=== Exercise description ===
Nothing but an exact copy of the data should be given.

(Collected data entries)
---
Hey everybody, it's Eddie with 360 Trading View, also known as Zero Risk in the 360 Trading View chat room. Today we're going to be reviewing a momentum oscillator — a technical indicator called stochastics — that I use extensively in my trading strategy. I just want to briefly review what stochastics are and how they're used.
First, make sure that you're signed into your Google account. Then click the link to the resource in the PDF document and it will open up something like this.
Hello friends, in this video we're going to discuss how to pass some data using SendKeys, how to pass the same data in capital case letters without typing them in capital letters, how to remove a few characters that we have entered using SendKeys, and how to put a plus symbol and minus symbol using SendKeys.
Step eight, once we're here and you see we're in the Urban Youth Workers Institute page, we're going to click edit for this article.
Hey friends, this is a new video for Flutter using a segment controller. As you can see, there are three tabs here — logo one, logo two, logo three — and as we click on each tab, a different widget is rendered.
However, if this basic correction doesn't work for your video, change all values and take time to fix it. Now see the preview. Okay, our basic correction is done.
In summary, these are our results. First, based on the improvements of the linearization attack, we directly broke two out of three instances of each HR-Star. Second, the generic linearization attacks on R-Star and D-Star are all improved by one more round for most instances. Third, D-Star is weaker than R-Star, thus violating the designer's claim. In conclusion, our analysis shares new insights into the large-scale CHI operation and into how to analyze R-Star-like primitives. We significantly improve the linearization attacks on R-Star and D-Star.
---
=== Answer to this exercise ===
Hey everybody, it's Eddie with 360 Trading View, also known as Zero Risk in the 360 Trading View chat room. Today we're going to be reviewing a momentum oscillator — a technical indicator called stochastics — that I use extensively in my trading strategy. I just want to briefly review what stochastics are and how they're used.
First, make sure that you're signed into your Google account. Then click the link to the resource in the PDF document and it will open up something like this.
Hello friends, in this video we're going to discuss how to pass some data using SendKeys, how to pass the same data in capital case letters without typing them in capital letters, how to remove a few characters that we have entered using SendKeys, and how to put a plus symbol and minus symbol using SendKeys.
Step eight, once we're here and you see we're in the Urban Youth Workers Institute page, we're going to click edit for this article.
Hey friends, this is a new video for Flutter using a segment controller. As you can see, there are three tabs here — logo one, logo two, logo three — and as we click on each tab, a different widget is rendered.
However, if this basic correction doesn't work for your video, change all values and take time to fix it. Now see the preview. Okay, our basic correction is done.
In summary, these are our results. First, based on the improvements of the linearization attack, we directly broke two out of three instances of each HR-Star. Second, the generic linearization attacks on R-Star and D-Star are all improved by one more round for most instances. Third, D-Star is weaker than R-Star, thus violating the designer's claim. In conclusion, our analysis shares new insights into the large-scale CHI operation and into how to analyze R-Star-like primitives. We significantly improve the linearization attacks on R-Star and D-Star.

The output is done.